Os atacantes Endrick e Ryan fizeram sua estreia em Copas do Mundo na noite de sexta-feira, contra o Haiti, e não apenas isso: os dois, ambos com 19 anos, passaram a figurar na lista dos dez jogadores mais jovens a vestir a camisa do Brasil na competição.
Endrick, que é 13 dias mais velho que Ryan, entrou aos 20 minutos do segundo tempo, substituindo Matheus Cunha. Já Ryan havia ingressado no fim do primeiro tempo, no lugar do lesionado Raphinha. Ambos atuaram com a partida já em andamento.

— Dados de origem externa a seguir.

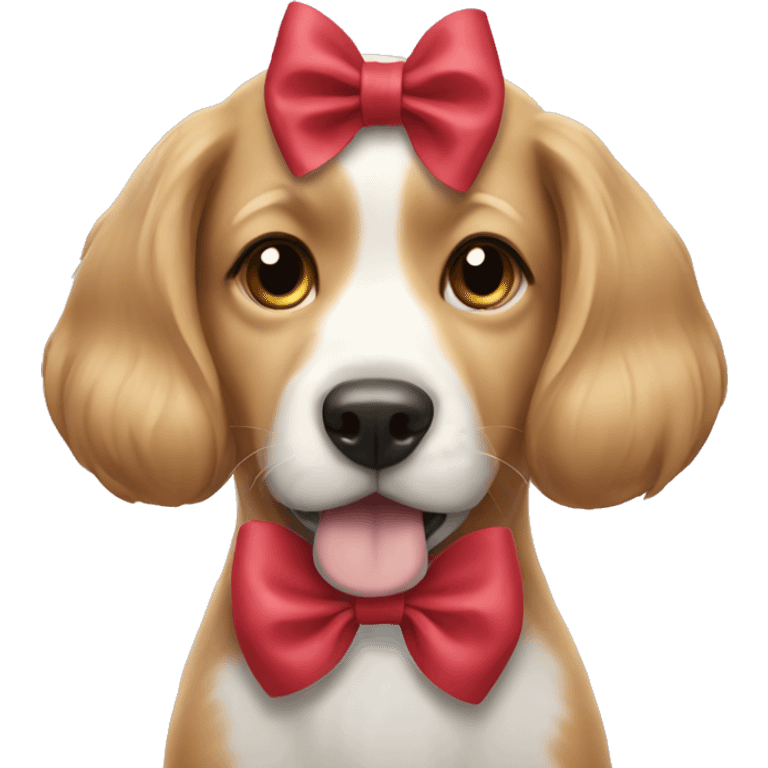 Dog having a bow emoji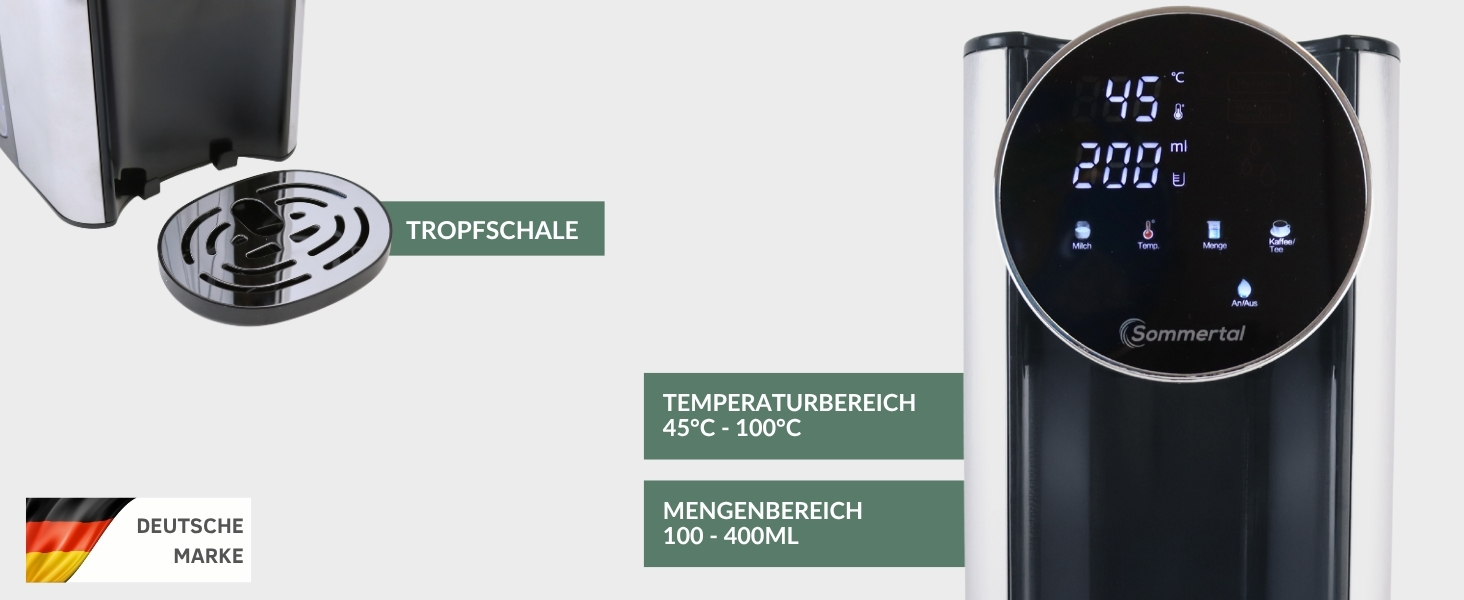 Гарячий водопостачальник Sommertal HW400 Businessline XXL: миттєва вода 45-100°C, 4L бак, сенсорний дисплей, функція дитячого харчування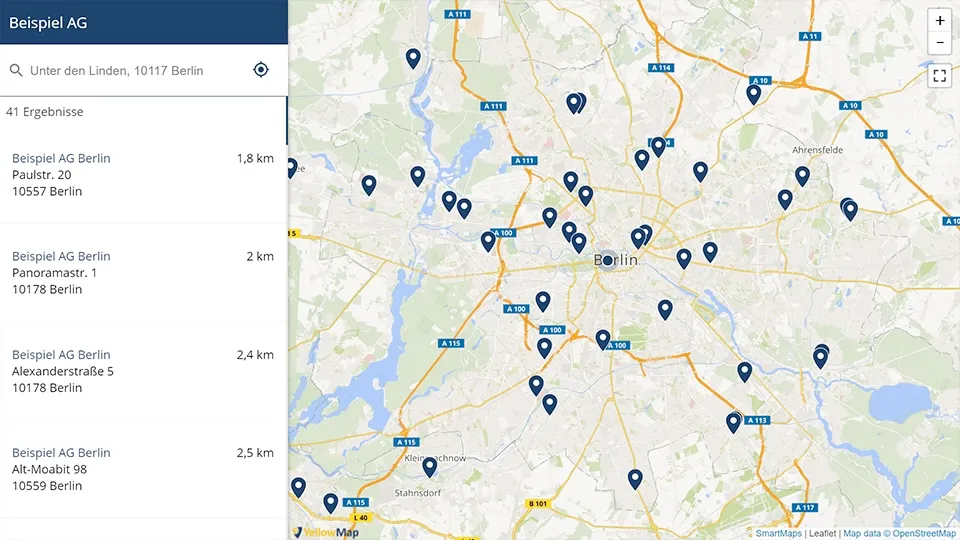 SmartMaps store locator example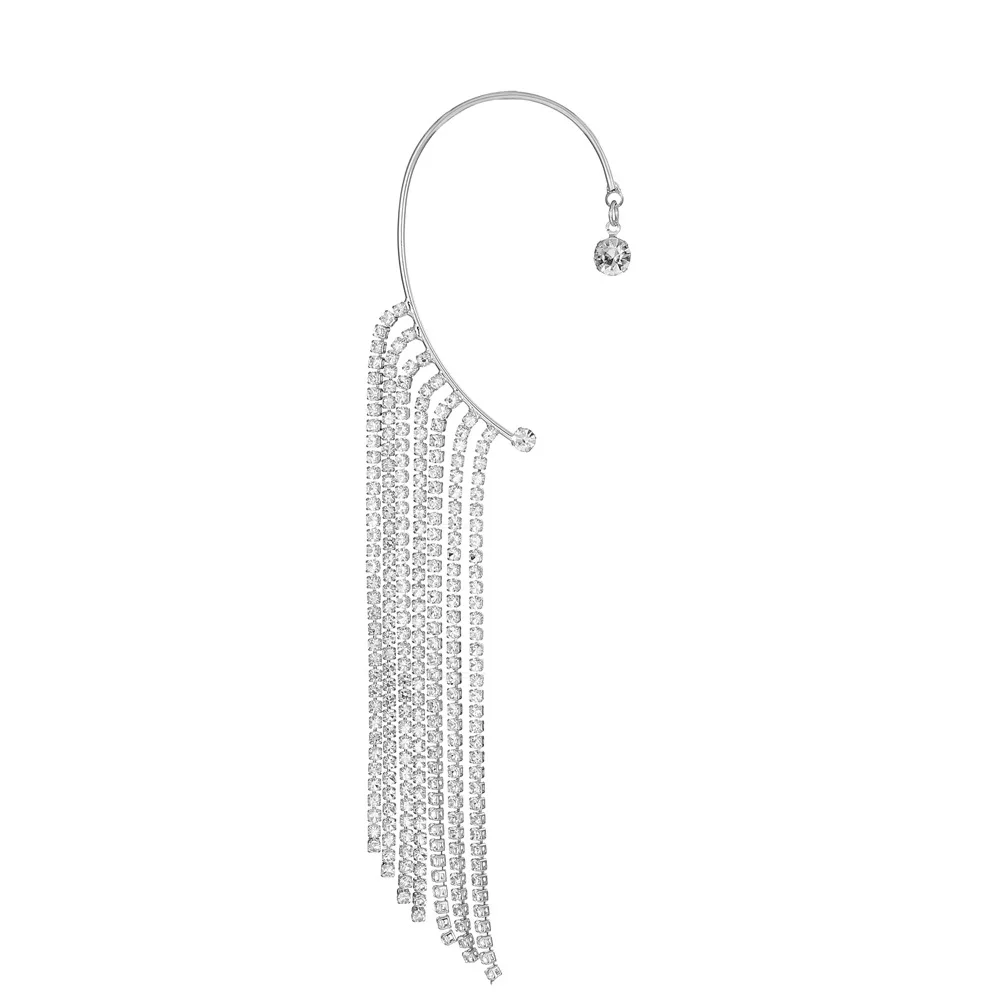 

Long diamond studded Tassel Earrings eometric C-shaped Non perforated Ear ornaments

Endrick foi revelado pelo Palmeiras e hoje atua pelo Lyon, da França, por empréstimo do Real Madrid, da Espanha, clube que o contratou em 2024. Ryan surgiu no Vasco da Gama e foi vendido ao Bournemouth, da Inglaterra, em janeiro deste ano.
Com esses jogos, eles entraram no top 10 dos mais jovens a defender o Brasil em Mundiais. A lista é encabeçada por Pelé, com 17 anos e 235 dias na Copa de 1958. Em seguida vêm Carvalho Leite (18 anos, 1930) e Marco Antônio (19 anos e 124 dias, 1970).
Ryan aparece na sexta posição, com 19 anos e 320 dias; Endrick é o sétimo, com 19 anos e 333 dias. Completam o ranking Kaká, Müller e Humberto. A lista foi divulgada com base em dados históricos da seleção brasileira.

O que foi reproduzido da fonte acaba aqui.